The warp has two strands threaded as one throughout. They alternate throughout the warp: two strands of 30/2 sik, one strand of 20/2 unmercerized cotton/one strand of 20/2 mercerized cotton.

I am getting fuzzy "handcuffs" on the warp yarns behind the reed. They're not binding the warp yarns together (at least, not yet) but they are working their way into the fabric, producing unsightly "fuzzies" that are nearly impossible to remove.

I know why they're forming - the reed is abrading the densely sett warp yarns and producing lint, which attaches itself to the warp yarns as fuzzies.

But I'm wondering whether just one of the warp yarns (the unmercerized cotton, perhaps?) is likely the culprit, and replacing the warp yarn will fix it or whether it's a generic problem with the sett.

The problem is that this is a sample warp for a bigger piece, but because I was sampling for color, I'm sampling at a different sett and with doubled-up yarns rather than with the final sett and yarns. I have a pair of 20-yard warps already wound and ready for dyeing, but if I'm going to get fuzzies with that one as well, I'd rather find that out before spending 60 hours dyeing/beaming/tying on 2,640 threads.

So I'm wondering: does fiber content and twisting affect the inclination of a warp to produce "fuzzies" or is it mostly a product of density in the reed? And how does one predict in advance which yarns will produce fuzzies and which won't?

Tien

Learn to design gorgeous, colorful handwoven cloth from an expert weaver!




margcoe
 

Tien
What’s the denting of the reed? I know for plain weave double weave, Paul tried to have 4 or a multiple of 4 ends in a dent. That wasn’t always possible.

Marg


Tien Chiu
 

On Mon, May 25, 2020 at 7:30 AM margcoe <coe@...> wrote:
Tien
What’s the denting of the reed? I know for plain weave double weave, Paul tried to have 4 or a multiple of 4 ends in a dent. That wasn’t always possible.

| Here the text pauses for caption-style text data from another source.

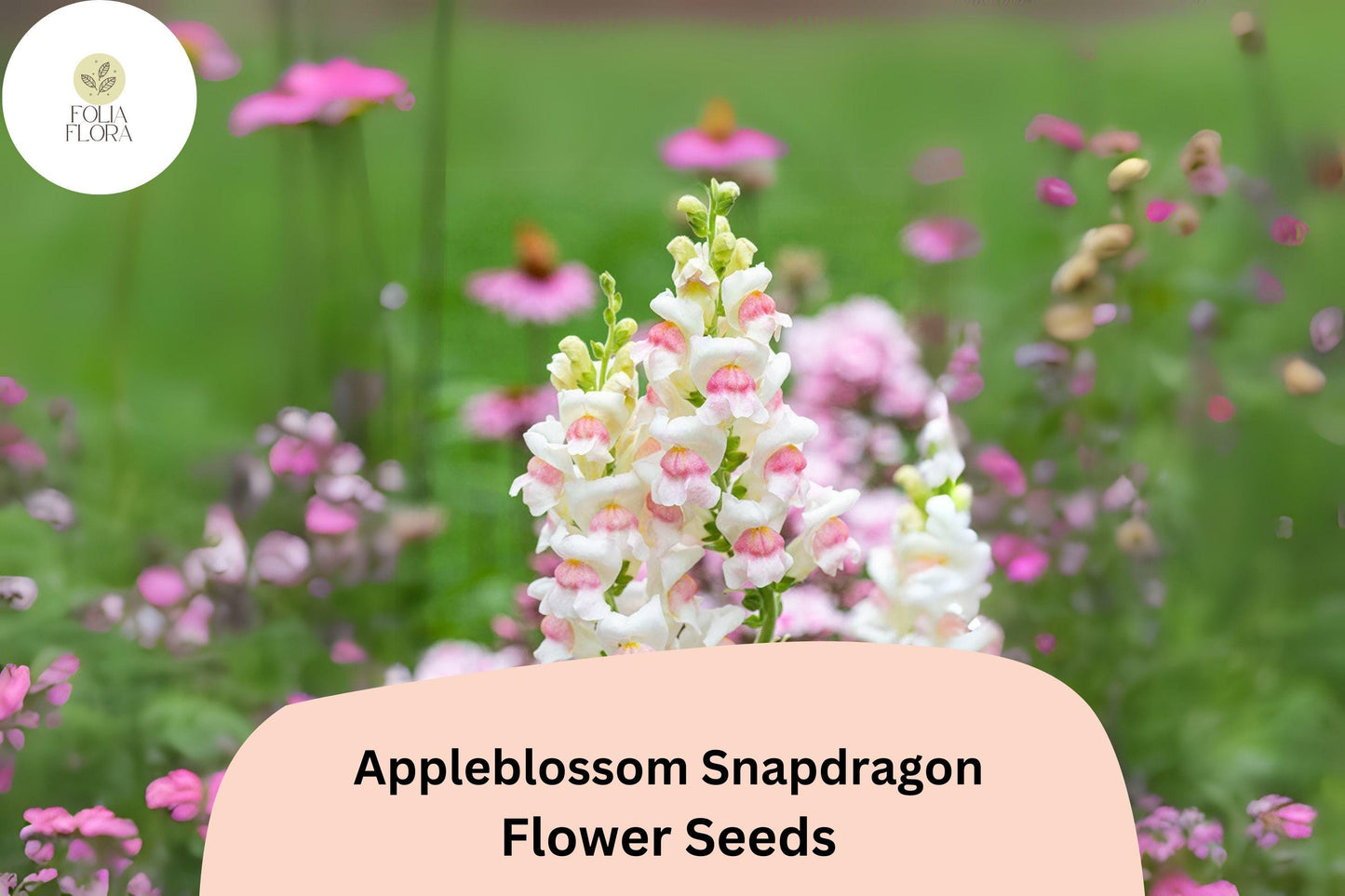 Appleblossom Snapdragon Seeds (Antirrhinum majus) | 1000+ Seeds | Soft Pastel Blooms for Garden & Borders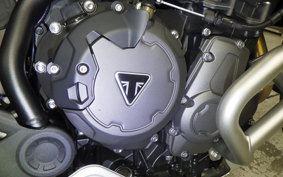TRIUMPH TIGER900 RALLYARACO 2024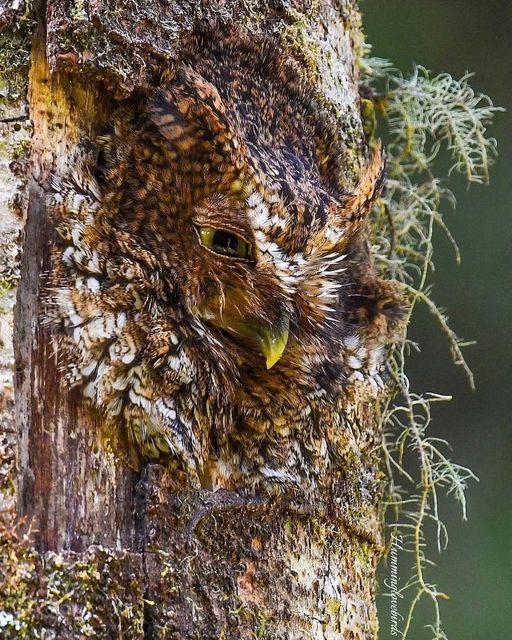Claudia_Zahn's tweet image. #BeTheTree
Camouflage! 🤔
•
Photo: @humminglovebirds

It's a 15-dent reed, so there are 4 heddles' worth of ends (8 ends, but they're doubled) passing through each dent.

Tien


margcoe
 

Is each yarn being carried separately in a heddle, or are the two, that create one working end, sharing a heddle?

Marg

-------- Original Message --------
Subject: Re: [weavetech] Fuzzies behind the reed
From: "Tien Chiu" <tienchiu@...>
Date: Mon, May 25, 2020 7:33 am
To: weavetech@groups.io

On Mon, May 25, 2020 at 7:30 AM margcoe <coe@...> wrote:
Tien
What’s the denting of the reed? I know for plain weave double weave, Paul tried to have 4 or a multiple of 4 ends in a dent. That wasn’t always possible.

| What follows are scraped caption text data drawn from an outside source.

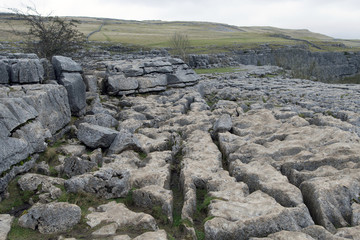 Limestone causeway at the top of Malham Cove, Malhamdale, Yorkshire Dales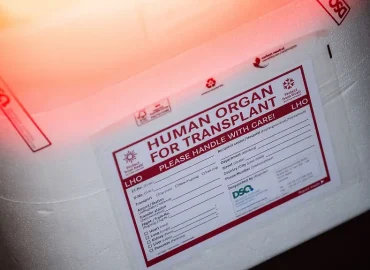 Organspende: Bedürfnis und Realität in Deutschland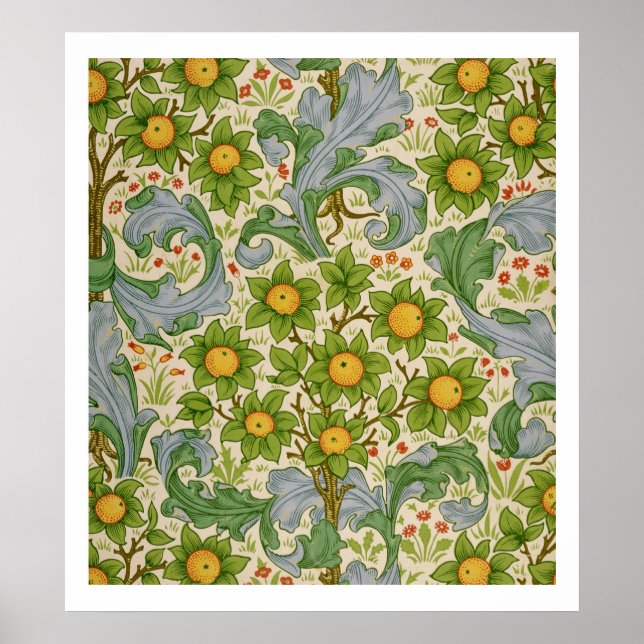 Pôster Pomar, Carvalho, 1899 (Frente)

It's a 15-dent reed, so there are 4 heddles' worth of ends (8 ends, but they're doubled) passing through each dent.

Tien


Doreen McLaughlin
 

            The fuzz comes from: ply, thickness, processing, and the weather. Loosely plied yarn will fuzz and felt much easier than tightly plied yarn. Singles will fuzz faster than two-ply yarn. With thick-and-thin yarn such as flake cotton, it is the thick portion that will fuzz first. Mercerization and, for wool oiling, is to minimize fuzz in commercial processing of yarn. Unmercerized cotton yarn will handcuff much faster than mercerized cotton yarn. Lastly, static electricity between the ends in a warp, especially silk, will lead to an invisible handcuff.

            Be sure to clean out the fuzz whenever you can as fuzz is an excellent place for baby bugs to nest.

Doreen McLaughlin


Debbie Kaplan
 

Fiber content, spinning method, twist and post-processing of yarn absolutely affect inclination to abrade, which leads directly to fuzz. The unmercerized cotton is the most likely cause (paired with density).

Switching to a mercerized cotton may solve your problems. 

General rules:
Longer fibers have less fuzziness generally than shorter. Reeled silk has the longest fibers, cotton some of the shortest. Spun silk consists of cut fibers and varies in length considerably. Same with machine processed linen.

Some fibers are naturally curly and will have a higher degree of fuzziness. Mohair is a prime example. Animal fibers all have some level of curliness.

Worsted spun yarns have less fuzziness than woolen spun. Many yarns are somewhere in the middle. Look with a loup or magnifying lens to see how parallel the fibers are in the yarn. The more parallel, the less propensity for fuzziness, although also more likely to be dense.

Higher twist has less propensity for fuzziness than lower. Plied yarns have less propensity for fuzziness than singles.

Post-processing is important in your case: mercerization burns off the fuzzys chemically.

All this being said, I assume you are advancing your warp every inch or so.

Debbie Kaplan


Kaaren Reid
 

Hi
I find 'some' unmercerized cotton is very "linty". And the reed adds to it. 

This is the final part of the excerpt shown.